◆ **WHAT THE EXERCISE ASKS**:
After removing every image, reproduce the data exactly as it appears.

------ INPUT DATA ------

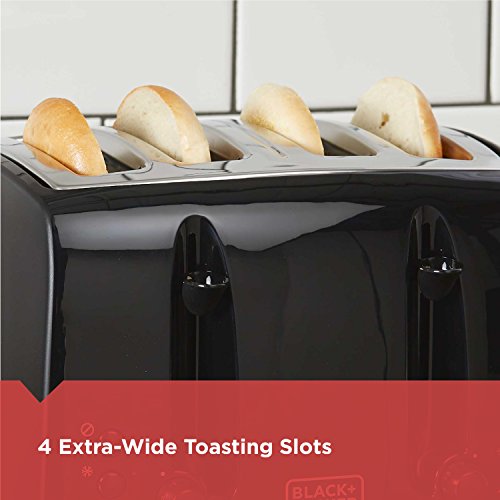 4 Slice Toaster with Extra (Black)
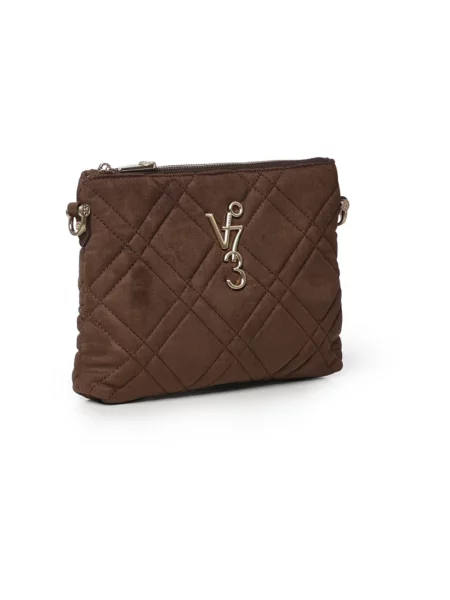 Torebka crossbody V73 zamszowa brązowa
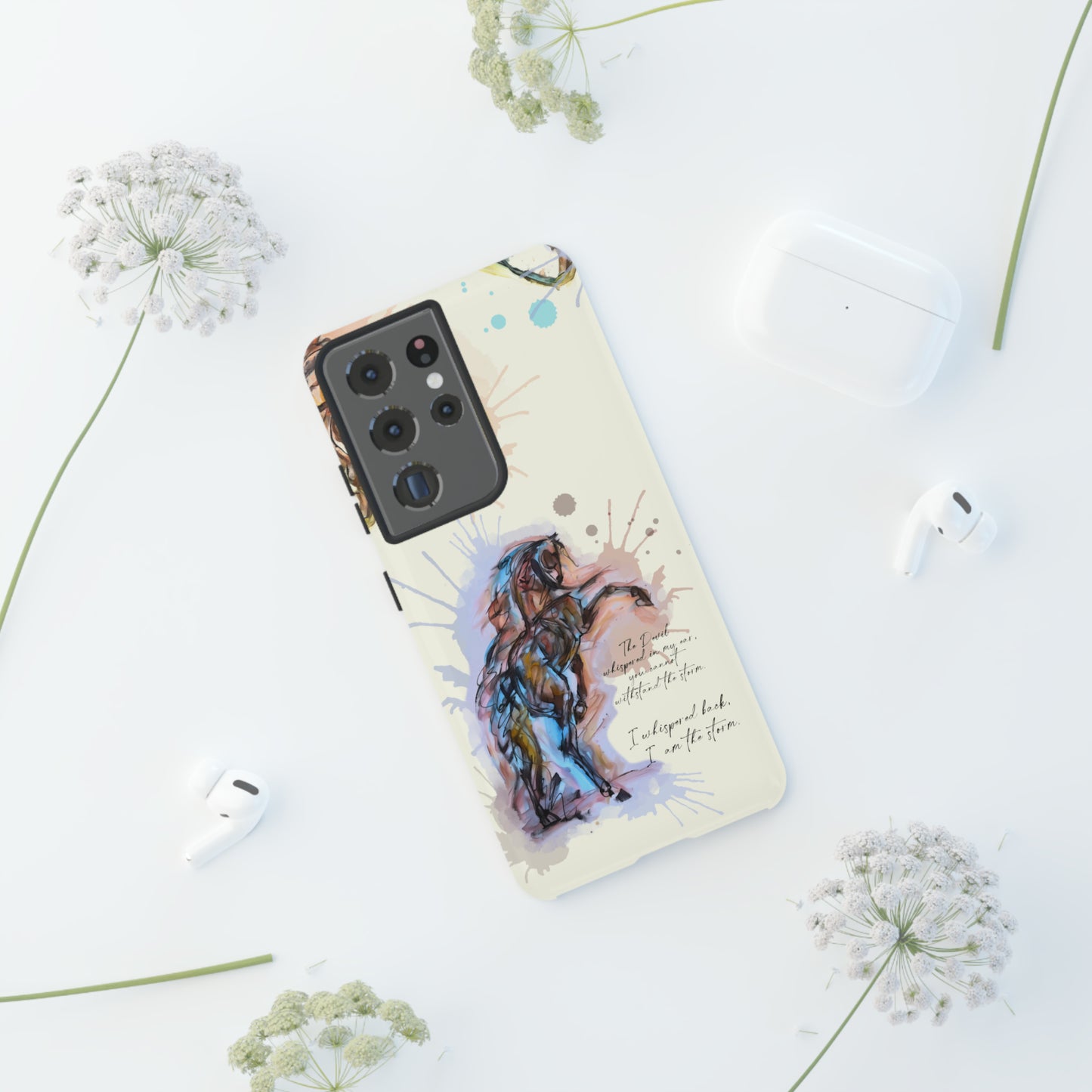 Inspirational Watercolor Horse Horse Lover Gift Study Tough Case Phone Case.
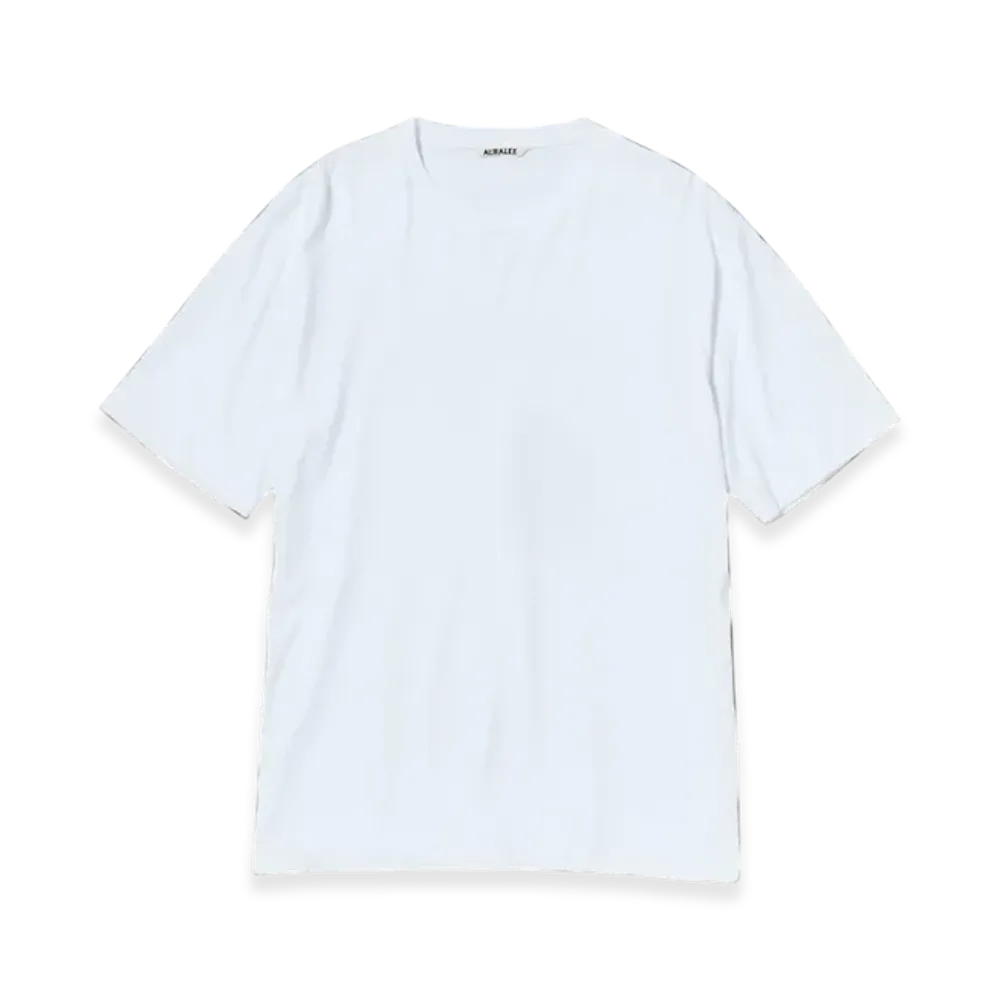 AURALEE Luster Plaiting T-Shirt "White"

------

◆ **TASK RESPONSE**:
 4 Slice Toaster with Extra (Black)
 Torebka crossbody V73 zamszowa brązowa
 Inspirational Watercolor Horse Horse Lover Gift Study Tough Case Phone Case.
 AURALEE Luster Plaiting T-Shirt "White"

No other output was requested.